**equivalent ratio definition** This is a topic that many people are looking for. **bluevelvetrestaurant.com** is a channel providing useful information about learning, life, digital marketing and online courses …. it will help you have an overview and solid multi-faceted knowledge . Today, ** bluevelvetrestaurant.com ** would like to introduce to you **Equivalent Ratios**. Following along are instructions in the video below:

“This lesson. We re going to talk about equivalent ratios. So let s say if if we have the ratio 8 to 6 and 12 to 9 are the two equivalent to each other what would you say how can we tell how can we find the answer well there s two ways in which we can do so first we need to convert the ratio into a fraction and then we could simplify the two fractions and see if they re equal to each. Other if they are then the ratios are equivalent to each.

Other the second option is to convert them to fractions set. The fractions equal to each other and check to see if the cross products are the same. So let s start with the first method. 8 2.

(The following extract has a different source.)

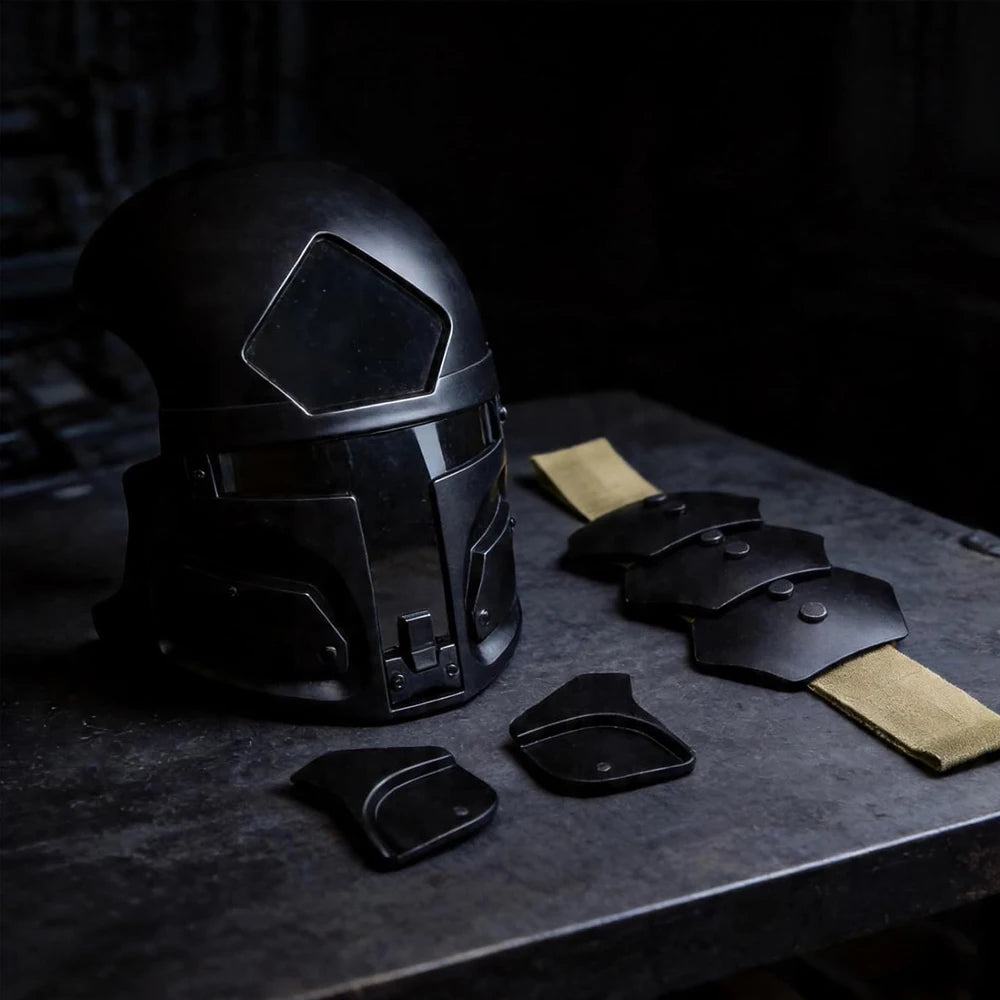 6-in-1 Galactic Bounty Hunter Helmet with Earphone Signal Light Fast Tactical Helmet Futuristic Mask Sci-Fi Cosplay Airsoft Set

6. Can be written as 8. Over. 6.

As a fraction now how can we reduce this fraction. 8. Is basically 4 times 2 6. Is 3 times.

2. So if we cancel a 2. We can reduce 8 over 6 to 4 over 3. Now let s do the same with the other fraction or the other ratio 12 to 9.

Is the same as or we can write it as 12 over 9. Now both numbers are divisible by 3 12..

Divided by 3 is 4 9. Divided by 3 is 3. So notice that both fractions simplify to the same result so this means that these two ratios are equivalent to each other now. Let s talk about the second method.

So let s convert the ratios into fractions and let s put an equal sign between the two fractions now. What i want you to do is i want you to cross multiply. So first we re going to multiply 8. By 9 8 times.

9. Is 72 next we re going to multiply. 6. And 12.

What is 6 times 12. If you add 12 6 times ward you get 10 times. 6. Is 60 2 times.

6. Is 12 60 plus. 12. Is 72.

So notice that these two are the same so therefore. These two ratios are equivalent to each other..

And so that s two ways in which you can tell if two ratios are equivalent let s look at another example for the sake of practice. So let s say if we have the ratio 4 to 5 and let s say. 7 to actually let me change this let s say 12 to 8. And 16 to 12 use both methods to see if the two ratios are equivalent.

So first let s begin by reducing the fraction 12 over 8. We could divide both numbers by 4 12. Divided by 4 is 3 8. Divided by 4 is 2 now 16 over 12 how can we reduce it we can write.

16 as 4 times 4 12. Is 4 times stream and so we could cancel a 4. And so this gives us a simplified fraction of 4 over 3. So notice that these two are not the same so therefore.

These ratios are not equivalent to each other now let s use the other technique. Let s write the two fractions and let s put an equal sign between them so let s begin by multiplying. 12. By 12 12 times.

12. Is 144. Now what about 8 times. 16.

Well let s use the old fashioned multiplication a times. 6 is 48..

So we ll write the 8 carry over the 4 8 times. 1. Is 12 plus. 4.

So that gives us 128 128 does not equal 144. So the two ratios are not equivalent to each other now let s work on a math. Problem. Let s say that 15 2 x.

Is the same ratio as 21 to 28. So what is the value of x. That will make these two ratios equivalent to each. Other what would you do in a problem like this how should we begin well what i recommend is writing the two fractions and put in an equal sign between them in order for these two ratios to be equivalent to each other we know that the cross products have to be the same so that means that 15 times 28.

Must equal 21 times x. So now that we have the equation. We can calculate the value of x. Now using a calculator you could do 15 times 28.

Divided by 21 and you ll get the answer. But let s see if we can do this mentally. If you don t want to use the calculator. I recommend rewrite in 15 as 5 times 3 break it down into smaller numbers.

28. You can write that as 7 times 4 21..

Is 7 times. 3. Now if you divide both sides by 7. You could cancel the 7 on both sides.

Now we could do the same with the 3. So notice that we only have the x variable on the right side. So. The answer is gonna be 5 times.

4. Which is 20 so x is 20. So 15 to 20 is the same ratio as 21 to 28. Now let s check the work by simplifying.

The ratios. So this is 15 over 20 and if we divide both numbers by 5. This will reduce to 3 4. For the other fraction.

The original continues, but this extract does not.